[Opening DATASET RECORDS section]

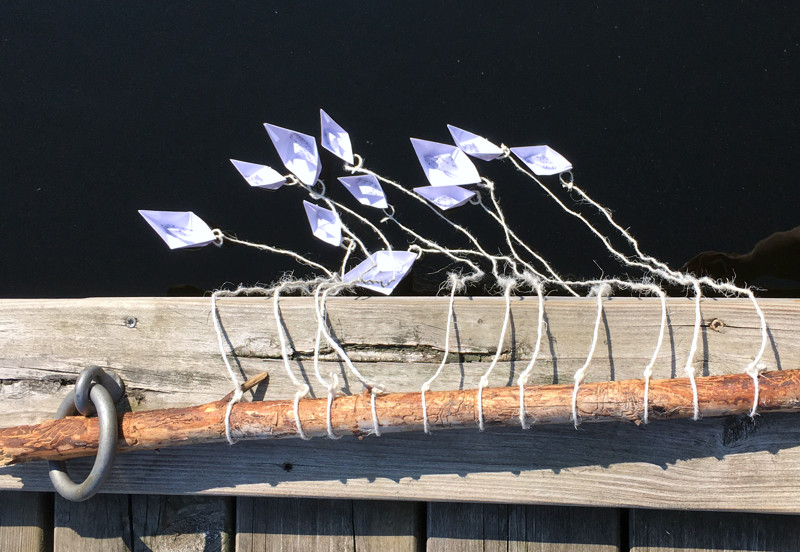 Paper boats float on lake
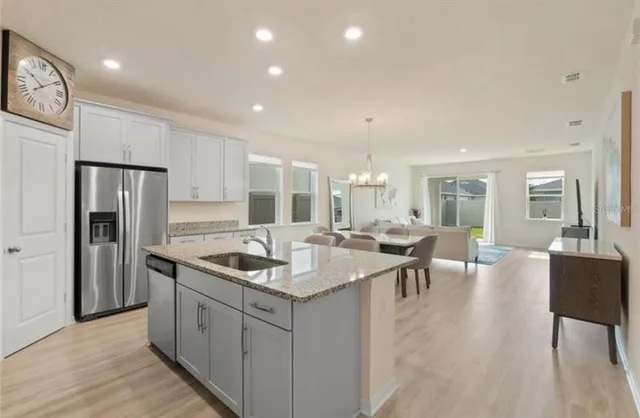 a kitchen with counter top space a sink stainless steel appliances and cabinets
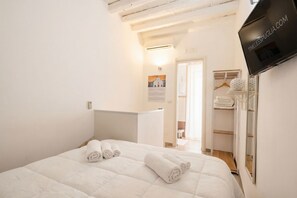 Une chambre d’hôtel comprenant un lit, une télévision, une armoire et une porte donnant sur une salle de bain.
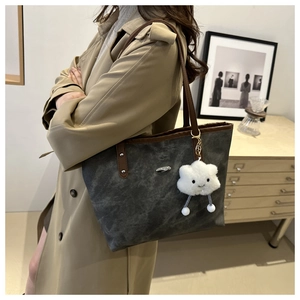 Dettaglio della borsa tote grigia scamosciata con finiture in pelle marrone e ciondolo nuvola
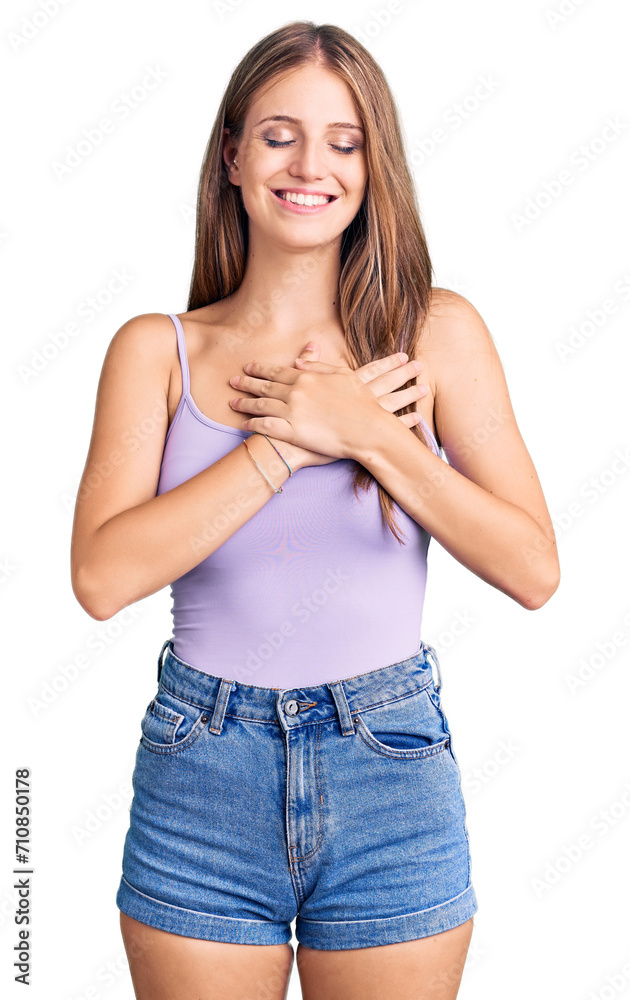 Young beautiful blonde woman wearing casual style with sleeveless shirt smiling with hands on chest with closed eyes and grateful gesture on face. health concept.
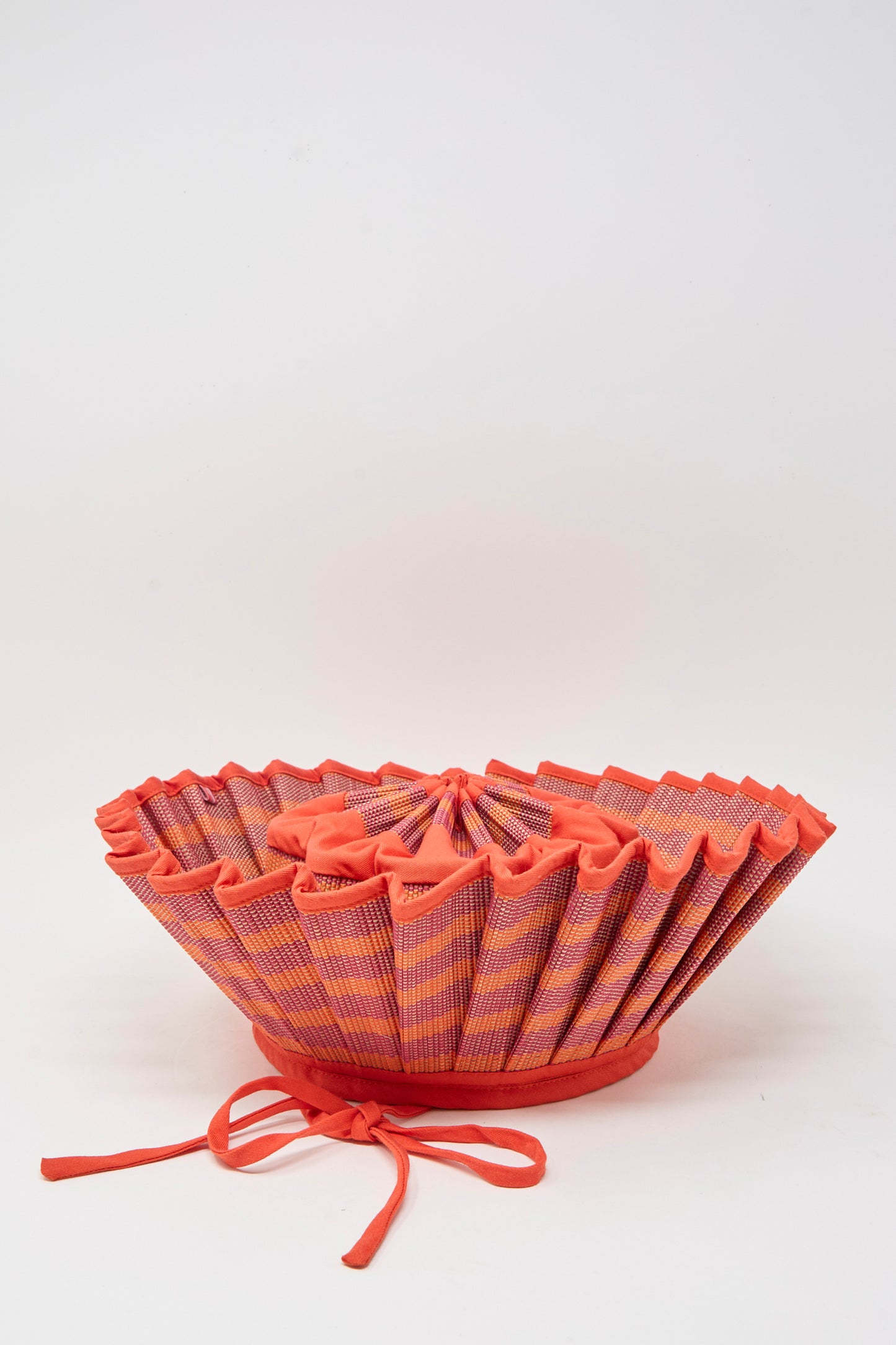 The Island Capri Hat in Bossa Nova by Lorna Murray is a pleated, striped sun hat crafted from natural grass fibers with red trim and ribbons, UPF 50+ protection, shown upside down on a plain white background.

[Closing DATASET RECORDS section]

GOAL OF THE EXERCISE: Copy exactly the lines from the one containing "Young beautiful blonde" through the final line of the records above, both included, and leave out any pictures.

RESPONSE TO THIS EXERCISE:
 Young beautiful blonde woman wearing casual style with sleeveless shirt smiling with hands on chest with closed eyes and grateful gesture on face. health concept.
 The Island Capri Hat in Bossa Nova by Lorna Murray is a pleated, striped sun hat crafted from natural grass fibers with red trim and ribbons, UPF 50+ protection, shown upside down on a plain white background.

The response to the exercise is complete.